Revision wird zu „Geheimwissenschaft“

Bekommt man auch dort nicht Recht und will sich gegen das Urteil wehren, dann ist man auf die Höchstgerichte angewiesen, in dem Fall auf den Verwaltungsgerichtshof. Und dieser fahre in den Berufungsverfahren seit einigen Jahren eine restriktive Linie, so Frühwith. Es sei unmöglich geworden, eine Revision zu verfassen, die die formale Hürde erreicht, zugelassen zu werden. Immer wieder finde der Verwaltungsgerichtshof Aspekte, die nicht erfüllt seien, kritisiert der Anwalt. Und das passiere am laufenden Band.

Trotz ständiger Weiterbildung kein Erfolg

Wenn man einen noch so guten Fall beim Bundesverwaltungsgericht verloren hat, kann man nicht mehr davon ausgehen, dass man seinen Anspruch beim Höchstgericht durchsetzen kann, wenn er auch noch so gut begründet ist. Obwohl seine Kanzlei spezialisiert auf Revisionen und Beschwerden gewesen sei, sagt Frühwirth, und immer wieder dazugelernt, neue Schlüsse gezogen habe, habe das beim Verwaltungsgerichtshof nicht mehr funktioniert.

Es gehe um Menschenleben, nicht um Parkstrafen

Immerhin gehe es nicht um eine Revision einer Parkstrafe, sondern um die Abschiebung eines Menschen. Der Verwaltungsgerichtshof verweigere die inhaltliche Auseinandersetzung, weil er sich auf den inhaltlichen Standpunkt zurückziehe. Das sei erschütternd. Die Politik musste auf diese Praxis gar keinen Einfluss nehmen, ist der Anwalt überzeugt. Das Asylgesetz sei seit Jahren nicht geändert worden.

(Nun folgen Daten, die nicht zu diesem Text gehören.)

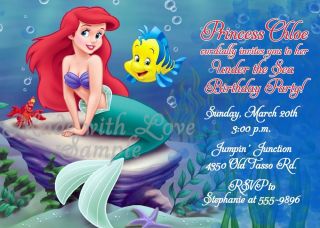 Little Mermaid Ariel Princess Disney Girl Birthday Party Invitation Pic JPEG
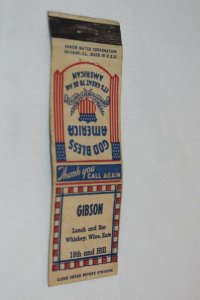 Gibson God Bless America 20 Strike Matchbook Cover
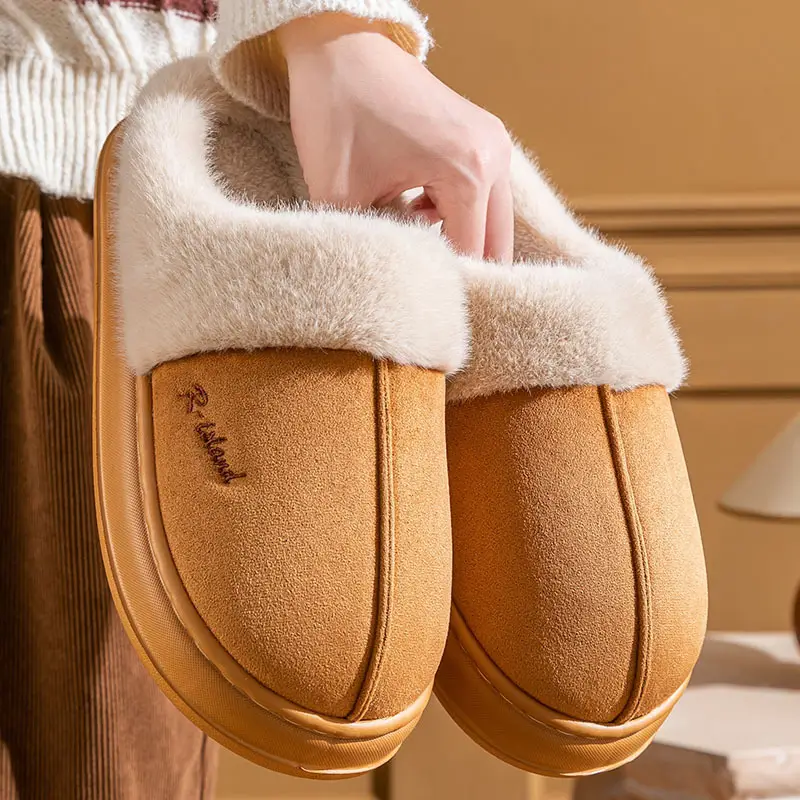 Cotton Slippers for Women, Winter 2025 New Style, Couple's Non-Slip Soft-Soled Indoor Home Warm Cotton Slippers with Plush Lining, Wholesale for Men - Image 8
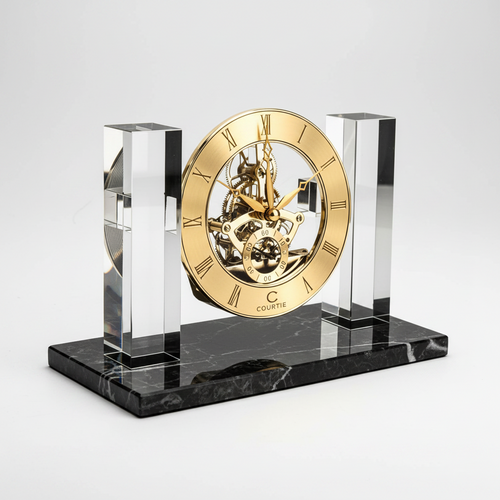 Regal Gold Skeleton Desk Clock with Crystal Pillars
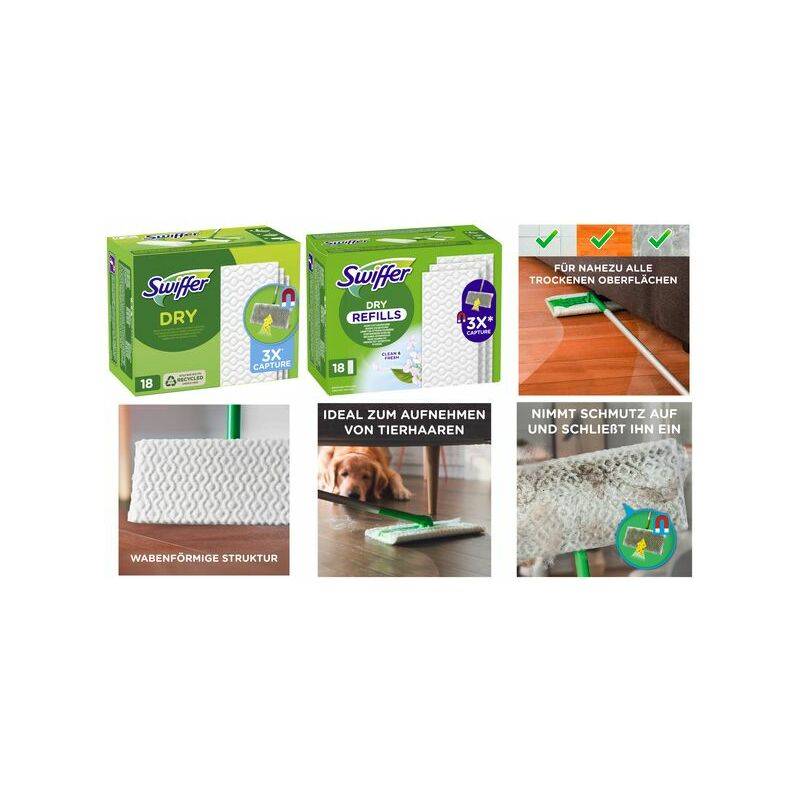 Swiffer Trocken-Bodenwischtücher mit Febrezeduft, 72er Pack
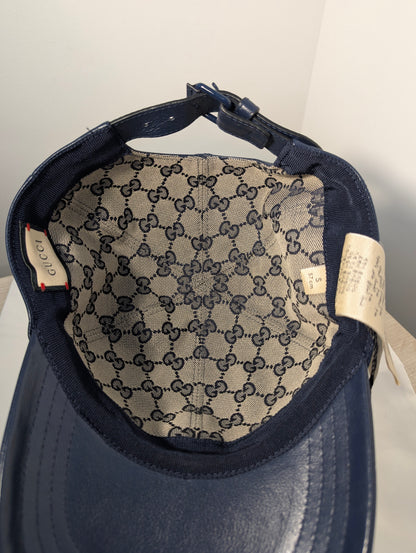 Gucci Midnight Navy Leather Baseball Cap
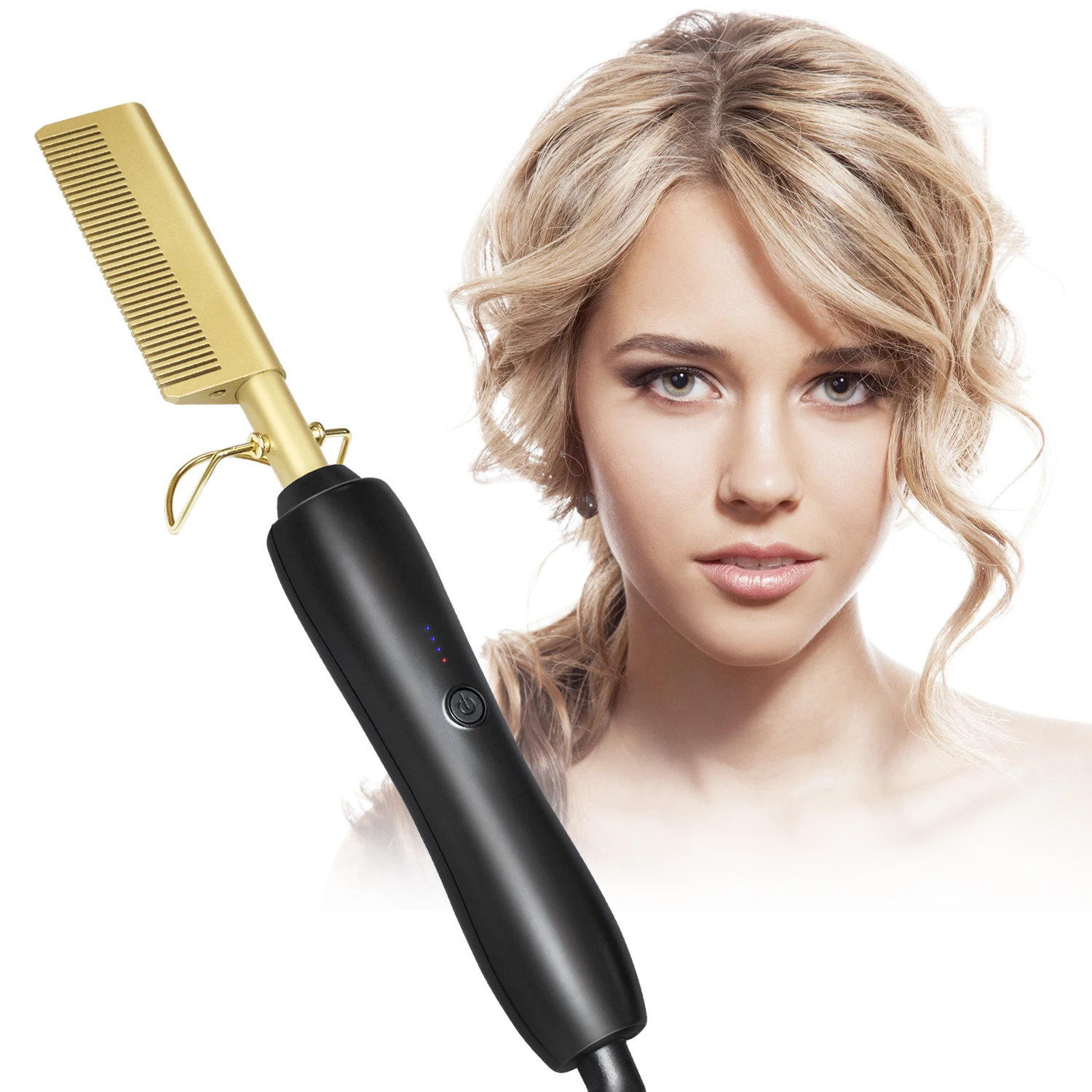 

Hair Straightener Flat Irons 2 In 1 Hot Heating Hair Straight Styler Curling Iron Hair Curler Comb Wet Dry Use Brush Comb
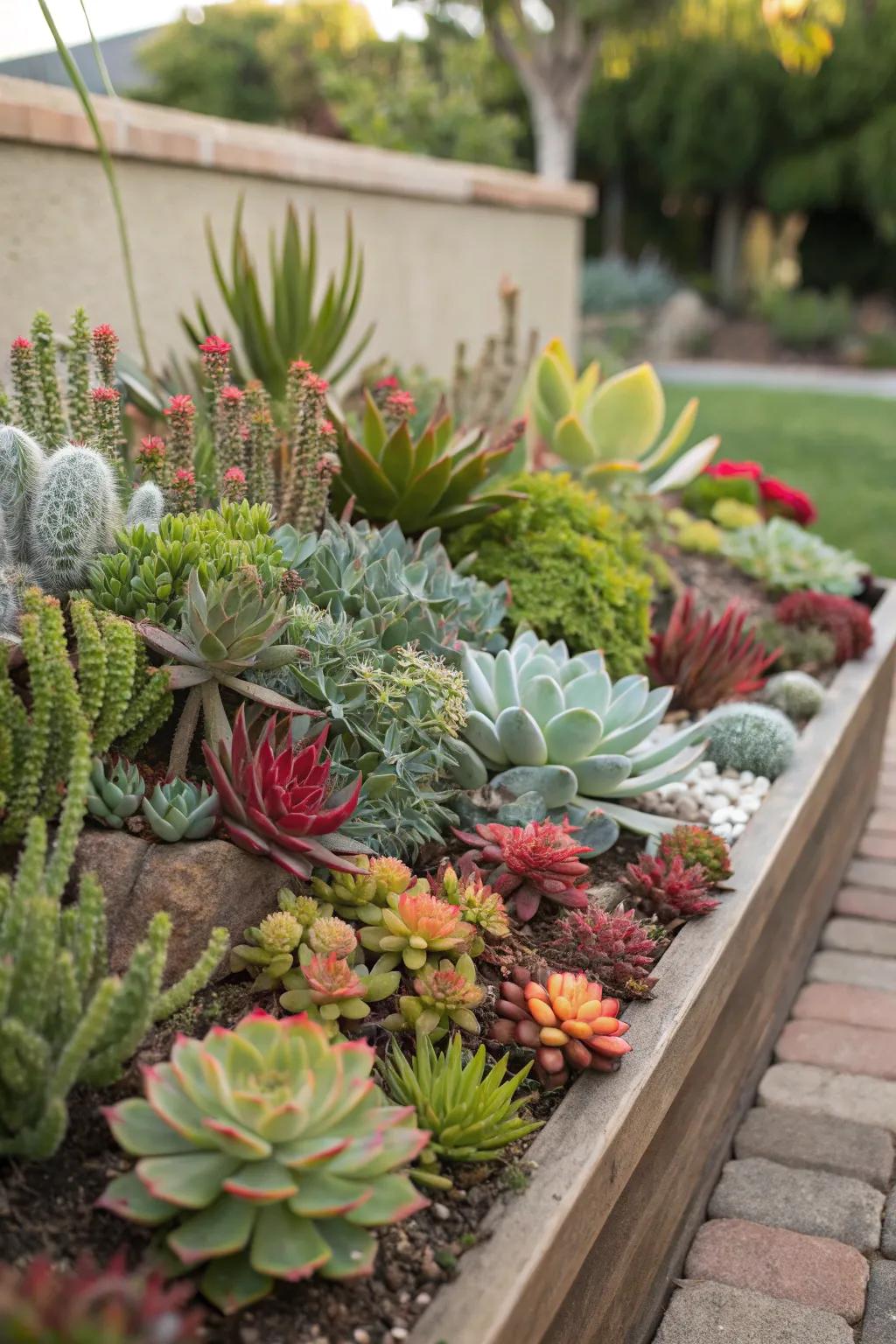 Succulents and cacti create a striking visual impact with their diverse forms and colors.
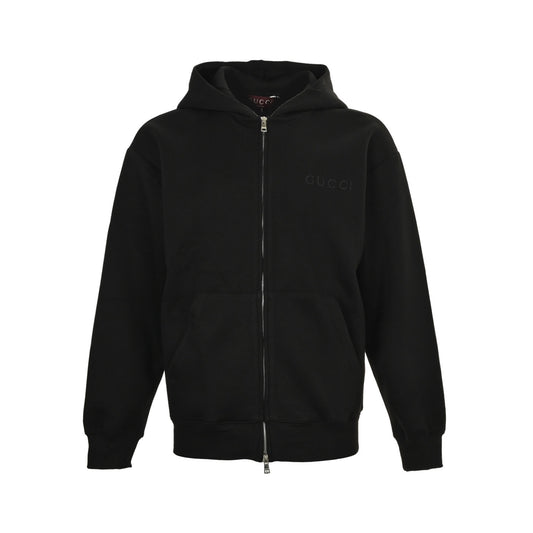 Gucci 25Fw small logo embroidered air cotton zipper jacket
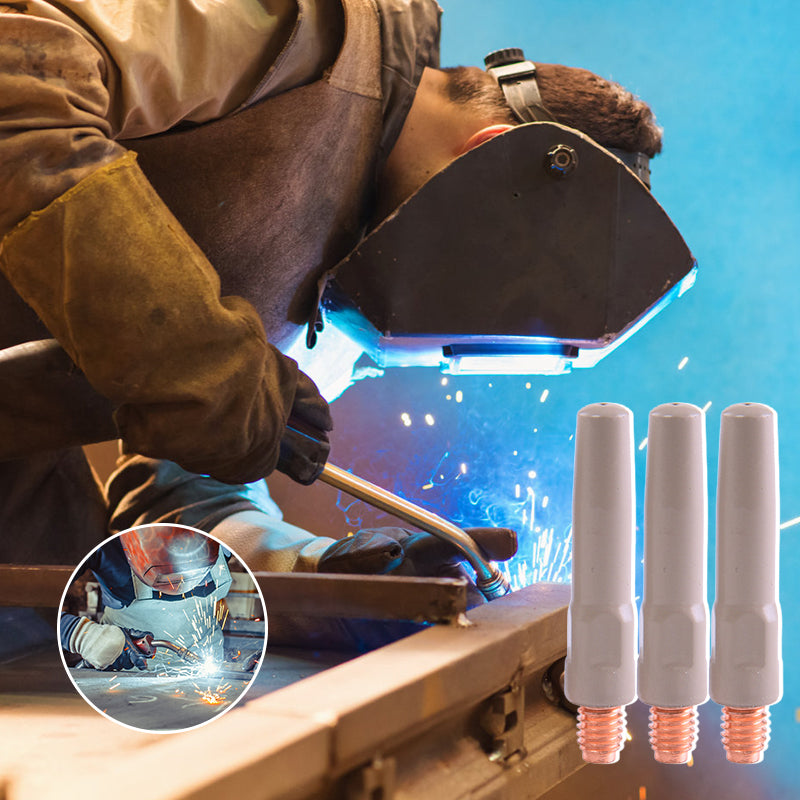 Universal welding gun nozzle featuring advanced anti-slag coating, an essential welding accessory
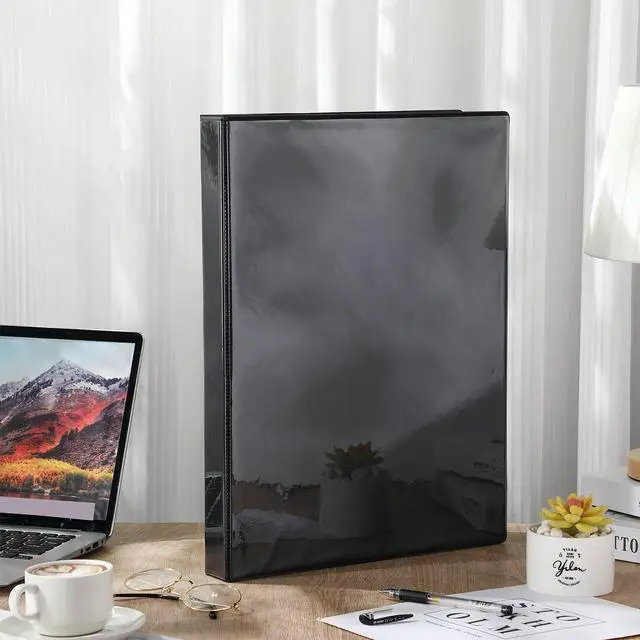 Alt view image 6 of 6 - 3 Pcs 11" x 17" 3 Ring Binder 1 Inch Large D Ring Binders with Pockets Presentation Folder View with Customizable Clear Cover for Documents Files Projects (Black)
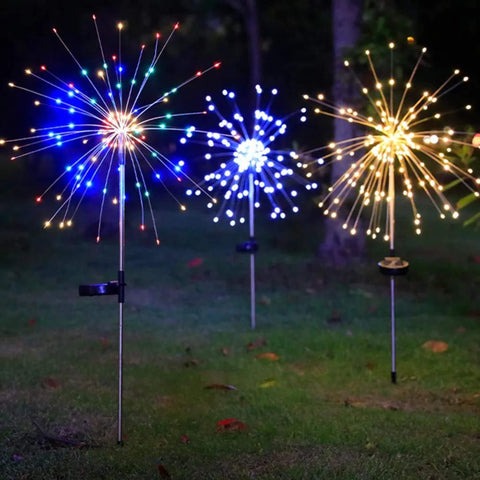 Lampe LED Solaire Feux d'Artifice de Jardin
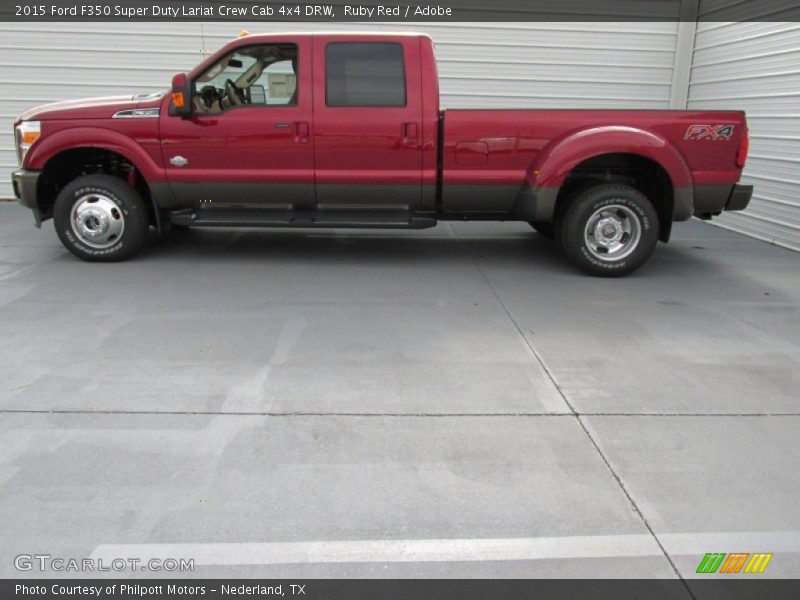 Ruby Red / Adobe 2015 Ford F350 Super Duty Lariat Crew Cab 4x4 DRW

Schwarz-blau habe nichts getan, hatten es nicht mal nötig, weil der VWGH von sich aus alle paar Monate neue Judikaturaspekte gebracht hat, die jedes Mal zu dramatischen Einschnitten in der Praxis geführt haben.

„Verwaltungsgerichtshof betreibt Rechtspolitik“

Frühwirth ortet dahinter entweder vorauseilenden Gehorsam oder überhaupt eine eigene Linie des Verwaltungsgerichtshofs, die allerdings keine rechtlich begründete Linie sei, sondern seiner Meinung nach eine politisch Begründete. Es sei die Frage, ob es Aufgabe des Verwaltungsgerichtshofs sei, Rechtspolitik zu betreiben, äußert Frühwirt seine Bedenken.